Pateó el tablero en 1970, cuando Vinicius de Moraes lo invocó para el disco En la fusa (grabado en Buenos Aires junto Maria Creuza y Toquinho). Y al año siguiente puso su instrumento al servicio de una de las obras maestras del jazz argentino: Bronca Buenos Aires, de Jorge López Ruiz (el DJ inglés Gilles Peterson inició su set en Buenos Aires, en 2017, con un track ese disco). A lo largo de seis décadas de trayectoria artística, tocó con La Banda Elástica, Amelita Baltar, Raúl Lavié, Claudia Puyó, Sergio Denis y Pimpinela. Y en el medio, en 1981, Palito Ortega contrató sus servicios para que fuera parte de la banda que actuó con Frank Sinatra en el Luna Park. Aunque él mismo reconocía que con quien siempre le gustó tocar fue con Astor Piazzolla. No sólo en el Octeto Electrónico, sino en formaciones previas. “Con nosotros lo único que no perdonaba era la desatención”, confesó El Zurdo más tarde.

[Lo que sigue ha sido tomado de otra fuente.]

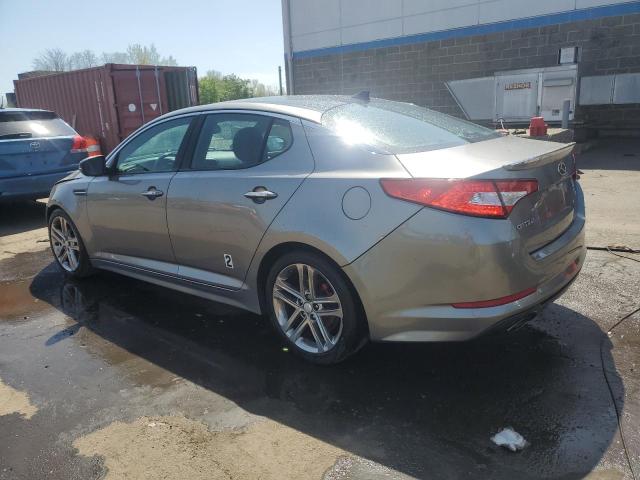 Vin: 5xxgr4a68dg212647, lot: 55157645, kia optima sx 20132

La hermana de Kevin Johansen y una de las hijas de Roizner estudiaron juntas en la Escuela del Sol, y el destino quiso que ellos se cruzaran en los 2000. El alasqueño necesitaba a un baterista “desgenerado”, y El Zurdo un proyecto con el que demostrara su amalgama sonora. Probaron la química en el disco Sur o no sur, en 2002, y el vínculo se tornó en un amor incondicional por 20 años. No sólo eso. Cumplió el sueño más impensado y lejano para cualquier habitante de este continente: coronarse como “Mis Américas”. Sucedió en la tapa del homónimo álbum de 2016, a partir de la sugerencia de la fotógrafa Nora Lezano. Ahí el batero apareció con el pelo suelto, sin sus anteojos y sin su inseparable pipa. Vulnerable ante el mundo, mostrando sus arrugas y una paz conmovedora. La misma que dejaba en evidencia en escena cada vez que le tocaba cantar su parte en “Fin de fiesta”. Y sí: la fiesta ya no será la misma.